Ed Katibah Is Blogging
Ed Katibah, who has a long history with IBM and Informix and is now the spatial project manager for Microsoft’s SQL Server, is blogging.
Ed Katibah, who has a long history with IBM and Informix and is now the spatial project manager for Microsoft’s SQL Server, is blogging.
Thanks for pointing out this blog. I’m just about to install the new CTP to see if it can handle buffering large polygons a bit better. Given that SQL Server 2008 is still in CTP status, will it actually make its debut in 2009?
While we are making no promises, things are on target to ship SQL Server 2008 in Q3 of 2008.
On the issue of “…buffering large polygons a bit better…”, let me know what problems you’ve been having.
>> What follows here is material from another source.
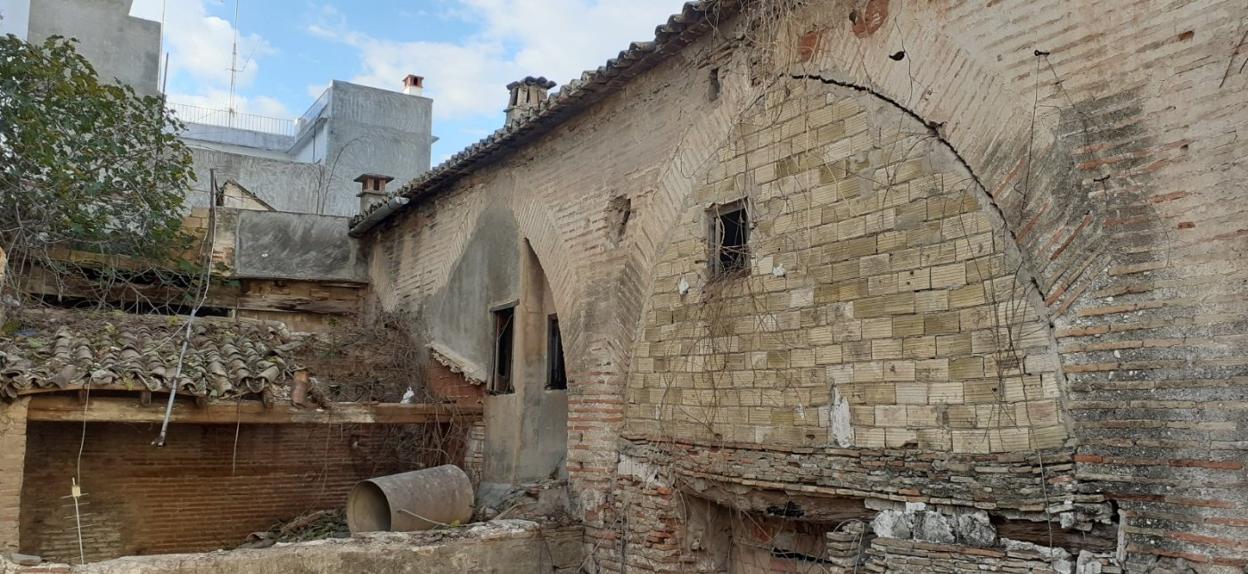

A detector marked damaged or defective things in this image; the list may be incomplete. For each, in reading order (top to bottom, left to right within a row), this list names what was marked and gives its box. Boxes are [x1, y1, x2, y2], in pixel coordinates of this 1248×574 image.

rusty metal barrel [346, 466, 472, 532]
We are actively fixing any bugs or misbehavior we can find.
@Ed,
My problem was that when I tried to buffer a particular large, complex polygon, SQL Server would start grabbing a lot of memory (hundreds of megabytes) and I would always have to stop the SQL Server process before the buffering could complete. PostGIS seems to handle the process a lot better, buffering the polygon in a few seconds. I’m instaling the new CTP now. Once done, I’ll try the buffer again and see if I get the same result. If so, I’ll zip the shapefile that I imported into SQL Server and indicate the polygon that’s giving me problems.
@Ed
I vote to rename your blog to “Spatial Ed.” Come on, it’s too good to pass up!
@Tim,
When you are ready, let me know (ed.katibah at microsoft.com) and I’ll set up a site to drop the shapefile off.
@Abe,
I’ll consider it…
@Abe
It is as you have wished…
I emailed Ed my problem shapefile. Ed ran a buffer on the problem polygon and the process seems to be much improved. Thanks, Ed.